But now we have Wikipedia. An enclopedia on the web. And its always up to date. Why? Because unlike the lame Funk & Wagnalls of the past, where if you wanted the 1983 edition instead of the 1977 edition you had to go over to your grandmothers, Wikipedia is updated all the time, because ANYONE can update it. So all of the really smart people in the world, who are can't get dates because they are extremely annoying and pedantic can put all of that to use by self editting the worlds largest encyclopedia.

Since anyone can edit it, you of course end up with the problem that any piece of information is immediately suspect. If I want to be 4th in line of succession to the British Throne, the HOVAdammit, I'm only a quick edit away from anointing myself the Duke of York. And there's not a damn thing anyone can do about it. Well except of course, they'll change it back.
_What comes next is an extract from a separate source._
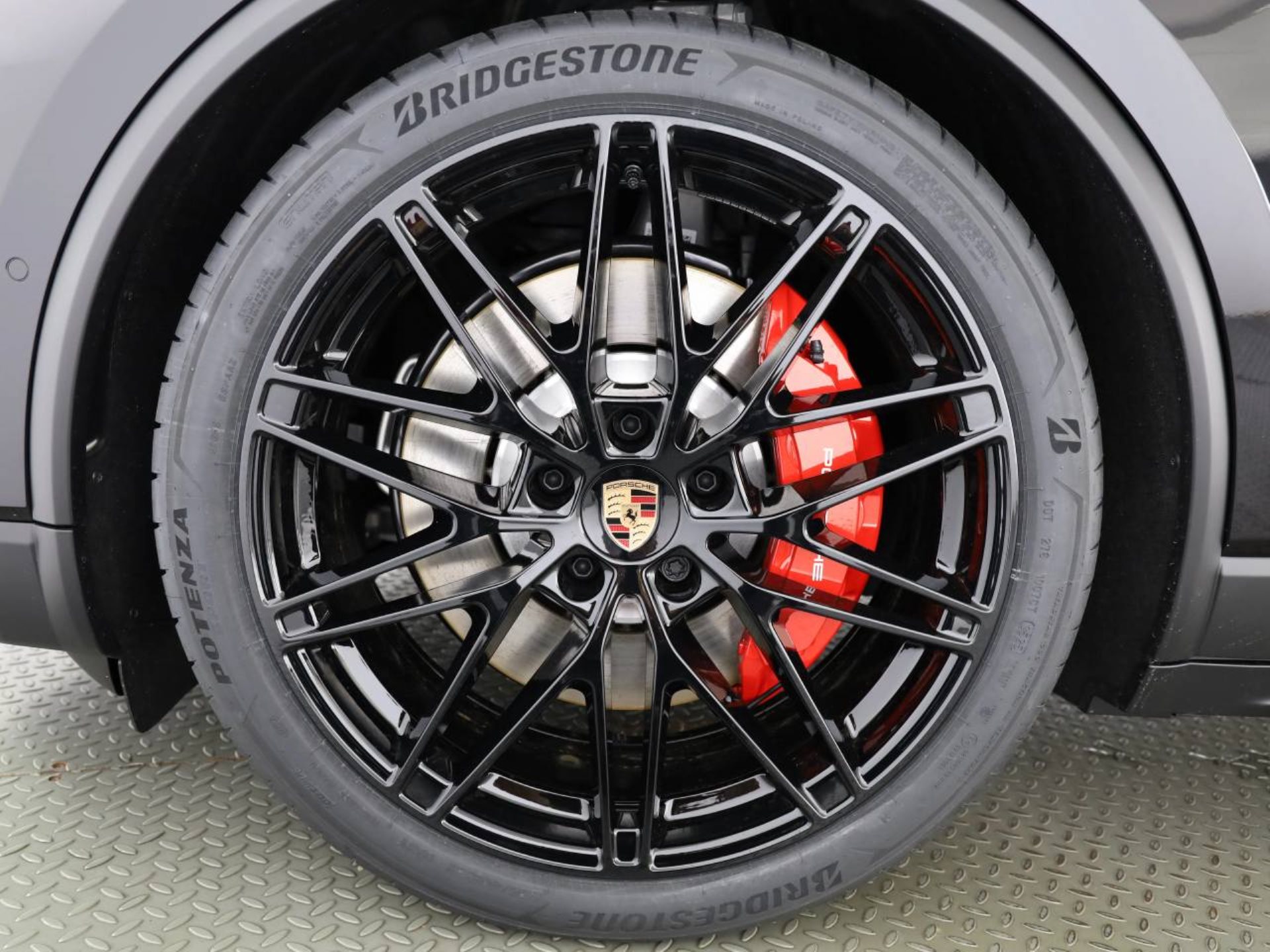 PORSCHE Macan GTS-image-5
My basic love of Wikipedia comes from this. Since the dateless contributors are constantly fighting back and forth to install their version of the truth in the wiki, eventually it reaches a sort of equilibrium of things that are kind of "true enough." And I'm firmly of the opinion that true enough is usually good enough.

Meron pointed out that he wouldn't let his students use wikipedia as a reference because of its obvious dubious reliability. But the thing is, I'm not writing academic papers. I haven't had to write one in 8 years. Usually I don't care so much about the intricate details of any given fact. I care about a cursory overview of the facts and what people at large think about the fact. Like Stephen Colbert says, Truthiness! It's about thinking with your gut. It's about truth. Not facts. Maybe Wikipedia gets some of the little details wrong here and there. Who cares. It just feels right. And at the end of the day pathos is so much more important than ethos.

The same can be said of the internet in general. When I want to know something, say, what the capital of Uganda is, I don't really look it up anymore. I google it. And I just trust that the answer I get is right.

So that leads us to today's question. Is Wikipedia a good idea? Do you go there when you need information? Do you trust it? What about the rest of the internet? How do you decide what's trustworthy information and what's not?

Also, if you haven't voted in my hottest women poll (replacement for the original which I deleted), please do that too. I'm shutting it off tuesday night so get your votes in as soon as possible. And hey, get some of your friends to vote in it. I want a good sampling group.


1. For those not in the know, wikipedia is basically an online encyclopedia. A grand repository for all great knowledge of the universe. If you want to know about something, then wikipedia can probably tell you all there is to know about it. There is a small catch. One that's barely even worth mentioning. The small catch is, it could be completely wrong.

(80 comments | Leave a comment)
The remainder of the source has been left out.